» **WHAT YOU WILL DO**: What is needed is an exact reproduction of the lines from the one that contains "PS5 Dualsense Uyumlu" through the end of the data, both included and nothing else, with pictures omitted.

» **PROVIDED DATA**:
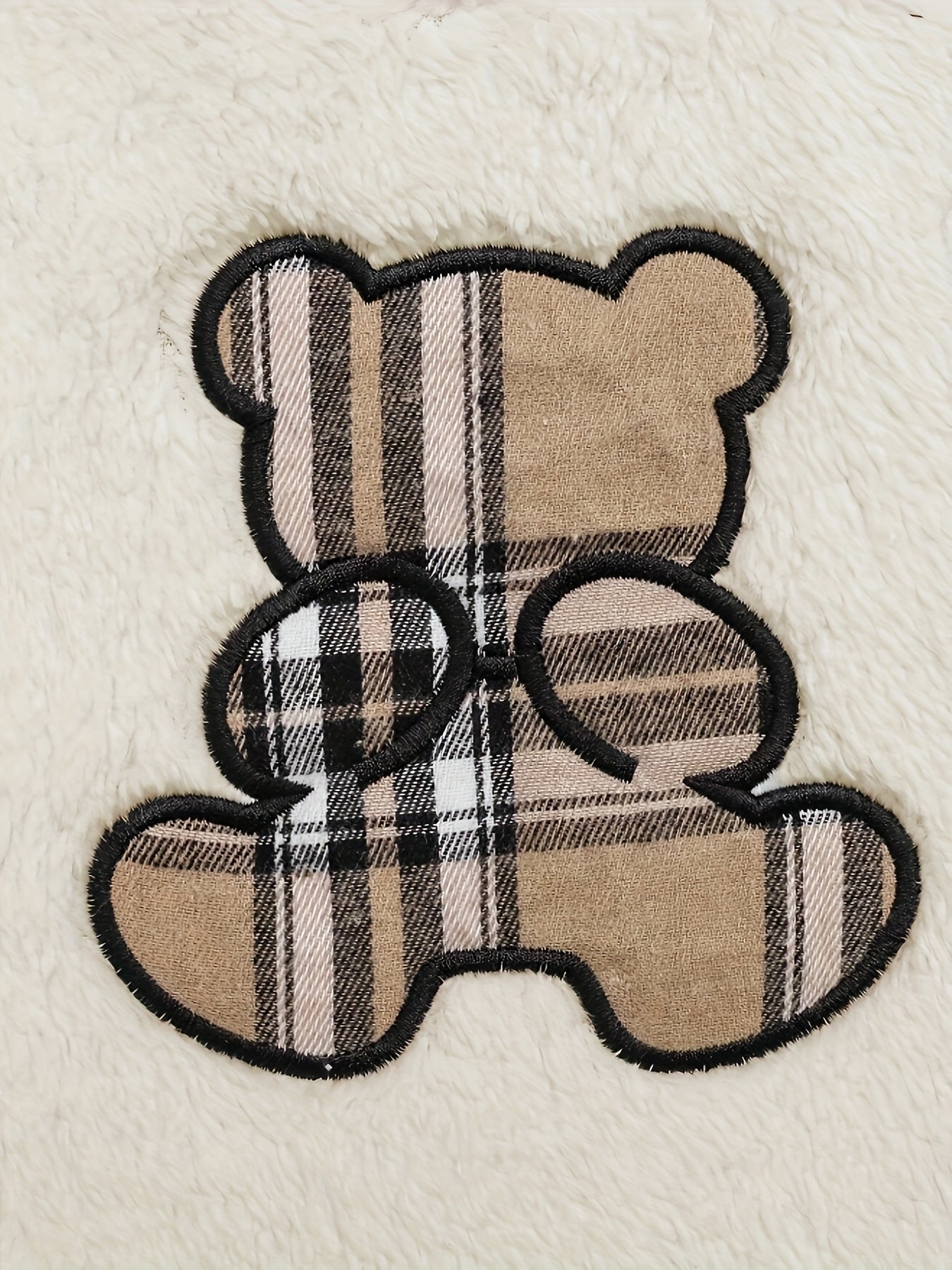 Plaid Bear Embroidered Girls Cozy TwoPiece Set - Taylor K Shop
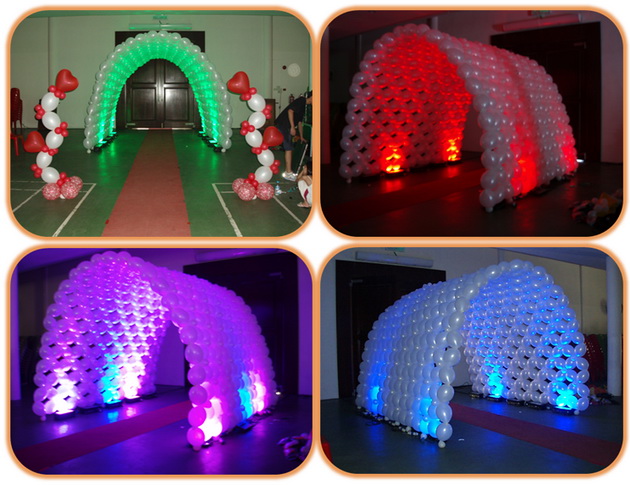 LED Balloon Tunnel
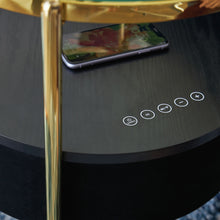 Load image into Gallery viewer, Nedman - Accent Table With Speaker - Black / Gold Finish
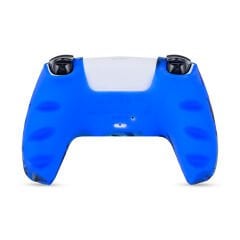 PS5 Dualsense Uyumlu Silikon Kol Kılıfı -  Blue Phantom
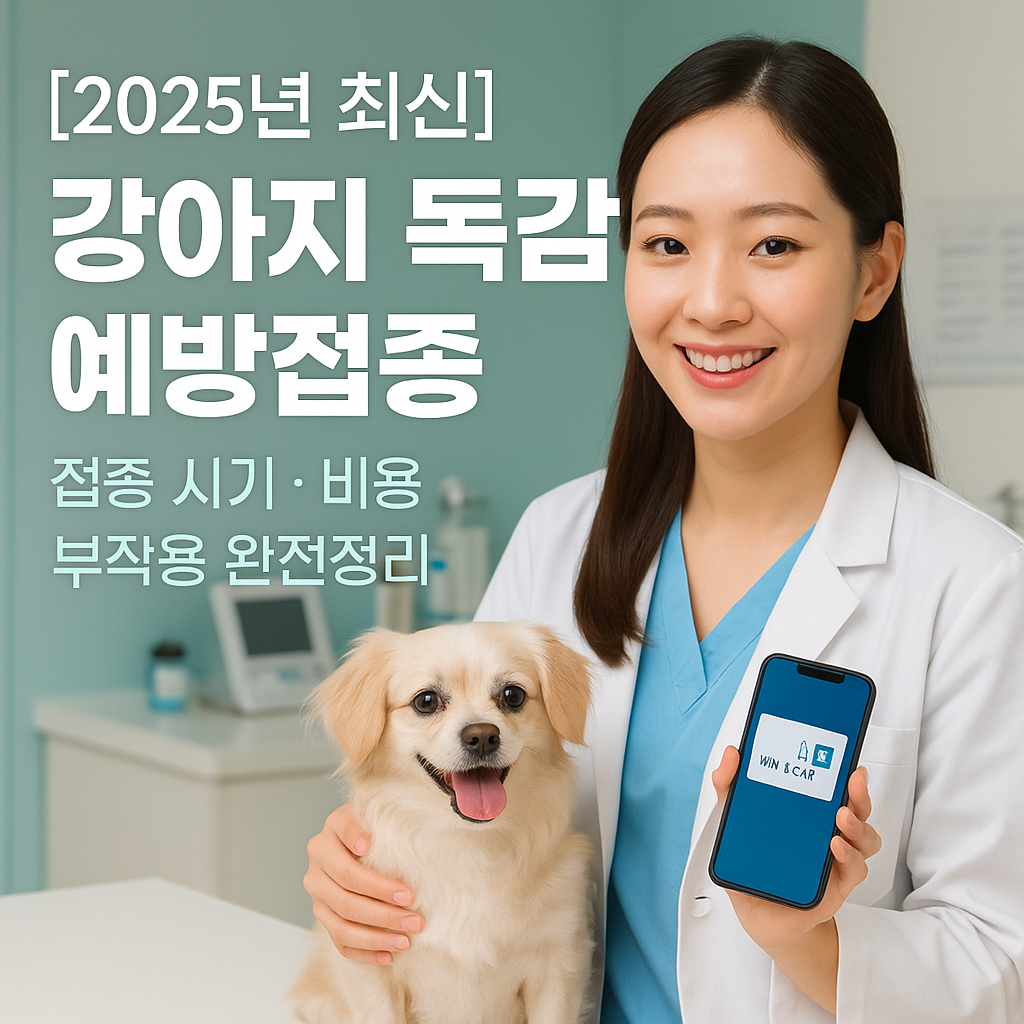 [2025년 최신] 강아지 독감 예방접종 ｜ 접종 시기&middot;비용&middot;부작용 완전정리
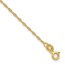 14K Yellow Gold 1.5mm Mariners Link Chain - 7 in.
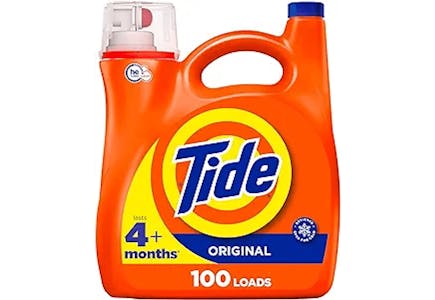 4 Tide Laundry Detergents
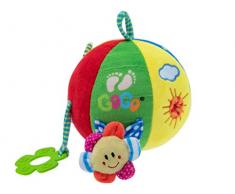 TEOREMA - Pelota Multicolor multifunción con sonajero, Multicolor, 39329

» **RESPONSE BOX**:
 PS5 Dualsense Uyumlu Silikon Kol Kılıfı -  Blue Phantom
 [2025년 최신] 강아지 독감 예방접종 ｜ 접종 시기&middot;비용&middot;부작용 완전정리
 14K Yellow Gold 1.5mm Mariners Link Chain - 7 in.
 4 Tide Laundry Detergents
 TEOREMA - Pelota Multicolor multifunción con sonajero, Multicolor, 39329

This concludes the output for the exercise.